● **What you need to do**:
Check each line of the material below for "Yellow" and copy those where it appears.

● **Data records**:
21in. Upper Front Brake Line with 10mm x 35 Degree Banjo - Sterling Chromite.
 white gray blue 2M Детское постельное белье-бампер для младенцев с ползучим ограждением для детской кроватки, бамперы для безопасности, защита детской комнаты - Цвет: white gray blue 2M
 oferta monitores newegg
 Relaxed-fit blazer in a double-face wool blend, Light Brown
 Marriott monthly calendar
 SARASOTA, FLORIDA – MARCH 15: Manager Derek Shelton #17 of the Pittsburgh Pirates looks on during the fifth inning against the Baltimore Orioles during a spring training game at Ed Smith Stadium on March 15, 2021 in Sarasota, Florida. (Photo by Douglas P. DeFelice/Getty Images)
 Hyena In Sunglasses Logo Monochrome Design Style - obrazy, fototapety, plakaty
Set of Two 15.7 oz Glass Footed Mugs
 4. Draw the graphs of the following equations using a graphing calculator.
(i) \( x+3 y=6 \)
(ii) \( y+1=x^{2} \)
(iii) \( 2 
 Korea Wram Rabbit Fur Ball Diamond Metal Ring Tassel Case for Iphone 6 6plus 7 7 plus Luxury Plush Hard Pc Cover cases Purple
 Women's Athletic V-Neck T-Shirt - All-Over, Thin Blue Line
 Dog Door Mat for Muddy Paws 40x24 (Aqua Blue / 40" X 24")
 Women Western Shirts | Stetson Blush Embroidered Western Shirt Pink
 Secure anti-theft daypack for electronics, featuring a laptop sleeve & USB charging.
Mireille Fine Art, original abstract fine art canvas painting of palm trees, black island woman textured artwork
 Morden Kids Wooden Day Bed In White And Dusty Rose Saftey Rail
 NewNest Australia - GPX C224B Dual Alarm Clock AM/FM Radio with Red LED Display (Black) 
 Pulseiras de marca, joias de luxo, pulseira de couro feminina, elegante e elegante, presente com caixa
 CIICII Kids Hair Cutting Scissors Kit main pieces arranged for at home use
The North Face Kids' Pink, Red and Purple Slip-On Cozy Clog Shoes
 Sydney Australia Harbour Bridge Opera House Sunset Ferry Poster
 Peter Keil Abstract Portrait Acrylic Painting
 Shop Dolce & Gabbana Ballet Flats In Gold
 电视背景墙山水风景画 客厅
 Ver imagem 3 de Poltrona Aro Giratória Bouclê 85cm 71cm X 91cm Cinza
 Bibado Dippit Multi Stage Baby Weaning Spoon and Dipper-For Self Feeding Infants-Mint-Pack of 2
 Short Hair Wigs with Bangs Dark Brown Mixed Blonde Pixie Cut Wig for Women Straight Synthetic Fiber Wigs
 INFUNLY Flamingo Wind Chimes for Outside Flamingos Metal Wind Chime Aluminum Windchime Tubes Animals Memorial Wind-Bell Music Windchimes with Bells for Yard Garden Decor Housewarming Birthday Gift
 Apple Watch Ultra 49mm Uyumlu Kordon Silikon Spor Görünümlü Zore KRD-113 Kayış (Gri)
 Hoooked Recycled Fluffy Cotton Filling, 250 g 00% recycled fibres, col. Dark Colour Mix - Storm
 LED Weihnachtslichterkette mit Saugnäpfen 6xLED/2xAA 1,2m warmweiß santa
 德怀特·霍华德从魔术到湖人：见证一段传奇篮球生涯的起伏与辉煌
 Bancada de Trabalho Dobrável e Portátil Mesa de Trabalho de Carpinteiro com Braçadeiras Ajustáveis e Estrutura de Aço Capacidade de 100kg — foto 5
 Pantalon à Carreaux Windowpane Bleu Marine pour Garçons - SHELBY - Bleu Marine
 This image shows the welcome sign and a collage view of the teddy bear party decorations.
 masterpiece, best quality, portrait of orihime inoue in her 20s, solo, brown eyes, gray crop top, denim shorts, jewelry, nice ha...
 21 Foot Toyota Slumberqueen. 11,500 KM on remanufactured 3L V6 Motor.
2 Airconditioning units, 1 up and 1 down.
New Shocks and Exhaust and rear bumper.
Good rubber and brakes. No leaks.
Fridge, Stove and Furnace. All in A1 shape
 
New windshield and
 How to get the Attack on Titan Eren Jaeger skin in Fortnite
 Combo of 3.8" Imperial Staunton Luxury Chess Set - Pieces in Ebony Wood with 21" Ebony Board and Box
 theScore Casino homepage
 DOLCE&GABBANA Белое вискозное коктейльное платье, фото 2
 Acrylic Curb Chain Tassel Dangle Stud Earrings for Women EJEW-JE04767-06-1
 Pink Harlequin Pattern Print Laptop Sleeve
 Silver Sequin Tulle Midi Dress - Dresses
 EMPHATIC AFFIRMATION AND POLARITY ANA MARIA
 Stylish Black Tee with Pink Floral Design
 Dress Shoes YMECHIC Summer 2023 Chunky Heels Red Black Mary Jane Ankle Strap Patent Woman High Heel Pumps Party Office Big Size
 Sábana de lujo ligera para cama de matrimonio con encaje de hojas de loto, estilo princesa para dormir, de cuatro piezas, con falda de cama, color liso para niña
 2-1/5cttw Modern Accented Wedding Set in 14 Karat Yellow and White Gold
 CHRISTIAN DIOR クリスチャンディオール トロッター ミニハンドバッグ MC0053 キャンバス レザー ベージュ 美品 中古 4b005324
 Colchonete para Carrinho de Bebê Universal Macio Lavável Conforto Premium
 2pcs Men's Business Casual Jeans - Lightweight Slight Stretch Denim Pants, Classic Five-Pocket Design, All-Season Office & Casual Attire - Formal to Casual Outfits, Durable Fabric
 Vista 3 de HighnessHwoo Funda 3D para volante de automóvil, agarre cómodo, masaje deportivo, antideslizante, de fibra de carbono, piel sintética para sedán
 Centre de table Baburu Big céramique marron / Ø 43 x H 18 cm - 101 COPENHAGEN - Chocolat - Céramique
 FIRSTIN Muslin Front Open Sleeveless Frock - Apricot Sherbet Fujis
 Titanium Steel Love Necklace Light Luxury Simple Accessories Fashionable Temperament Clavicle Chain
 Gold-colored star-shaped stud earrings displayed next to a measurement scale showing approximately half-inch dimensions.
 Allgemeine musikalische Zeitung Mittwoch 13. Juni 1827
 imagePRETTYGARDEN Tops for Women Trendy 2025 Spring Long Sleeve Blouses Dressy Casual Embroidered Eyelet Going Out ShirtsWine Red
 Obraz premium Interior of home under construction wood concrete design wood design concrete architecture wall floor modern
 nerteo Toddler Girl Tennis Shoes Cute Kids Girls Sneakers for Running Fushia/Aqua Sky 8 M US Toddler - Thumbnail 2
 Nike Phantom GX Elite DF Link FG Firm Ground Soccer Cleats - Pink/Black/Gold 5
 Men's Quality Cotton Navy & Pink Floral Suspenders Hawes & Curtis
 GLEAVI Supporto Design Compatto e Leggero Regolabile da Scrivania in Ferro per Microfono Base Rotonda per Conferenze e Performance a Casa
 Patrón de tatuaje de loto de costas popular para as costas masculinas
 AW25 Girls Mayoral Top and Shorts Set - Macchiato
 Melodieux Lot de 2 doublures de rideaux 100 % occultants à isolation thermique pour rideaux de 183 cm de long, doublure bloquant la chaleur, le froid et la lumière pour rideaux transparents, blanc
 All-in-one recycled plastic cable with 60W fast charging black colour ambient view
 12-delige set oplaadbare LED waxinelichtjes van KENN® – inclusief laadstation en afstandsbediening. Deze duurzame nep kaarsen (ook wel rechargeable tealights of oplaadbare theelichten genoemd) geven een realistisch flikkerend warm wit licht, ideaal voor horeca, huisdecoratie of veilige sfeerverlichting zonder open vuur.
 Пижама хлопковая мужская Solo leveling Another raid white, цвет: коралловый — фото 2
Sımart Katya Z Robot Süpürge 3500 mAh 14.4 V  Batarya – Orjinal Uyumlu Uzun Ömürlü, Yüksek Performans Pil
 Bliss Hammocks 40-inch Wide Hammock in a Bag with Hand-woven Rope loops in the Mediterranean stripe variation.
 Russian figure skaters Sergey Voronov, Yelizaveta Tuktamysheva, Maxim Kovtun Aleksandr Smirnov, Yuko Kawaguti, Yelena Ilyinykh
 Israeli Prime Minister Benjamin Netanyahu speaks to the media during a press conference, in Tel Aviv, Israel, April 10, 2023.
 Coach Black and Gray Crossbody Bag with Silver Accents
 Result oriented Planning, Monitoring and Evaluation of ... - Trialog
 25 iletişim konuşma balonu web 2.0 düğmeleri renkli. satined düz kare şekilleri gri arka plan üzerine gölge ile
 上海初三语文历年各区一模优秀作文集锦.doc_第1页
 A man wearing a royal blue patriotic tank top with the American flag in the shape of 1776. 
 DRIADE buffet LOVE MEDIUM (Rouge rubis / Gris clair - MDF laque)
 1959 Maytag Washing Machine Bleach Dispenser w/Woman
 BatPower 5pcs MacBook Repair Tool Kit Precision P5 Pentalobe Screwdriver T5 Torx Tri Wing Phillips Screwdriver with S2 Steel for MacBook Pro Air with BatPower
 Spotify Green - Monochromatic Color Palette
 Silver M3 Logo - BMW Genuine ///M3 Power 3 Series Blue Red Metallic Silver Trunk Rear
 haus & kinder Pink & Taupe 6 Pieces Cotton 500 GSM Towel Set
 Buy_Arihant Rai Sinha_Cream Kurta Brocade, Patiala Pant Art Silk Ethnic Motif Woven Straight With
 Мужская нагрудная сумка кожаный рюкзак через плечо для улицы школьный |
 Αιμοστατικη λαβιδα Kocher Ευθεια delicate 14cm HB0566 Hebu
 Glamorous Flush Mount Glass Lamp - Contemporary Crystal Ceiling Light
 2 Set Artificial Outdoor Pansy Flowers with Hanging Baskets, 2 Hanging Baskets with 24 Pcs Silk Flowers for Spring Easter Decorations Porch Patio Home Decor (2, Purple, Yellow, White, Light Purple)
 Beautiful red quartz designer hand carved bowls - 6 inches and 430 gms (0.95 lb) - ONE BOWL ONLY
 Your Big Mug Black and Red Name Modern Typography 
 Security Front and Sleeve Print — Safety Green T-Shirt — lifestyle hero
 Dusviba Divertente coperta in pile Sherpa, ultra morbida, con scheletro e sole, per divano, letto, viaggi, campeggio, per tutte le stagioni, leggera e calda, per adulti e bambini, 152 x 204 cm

● **Solution**:
 2-1/5cttw Modern Accented Wedding Set in 14 Karat Yellow and White Gold
 2 Set Artificial Outdoor Pansy Flowers with Hanging Baskets, 2 Hanging Baskets with 24 Pcs Silk Flowers for Spring Easter Decorations Porch Patio Home Decor (2, Purple, Yellow, White, Light Purple)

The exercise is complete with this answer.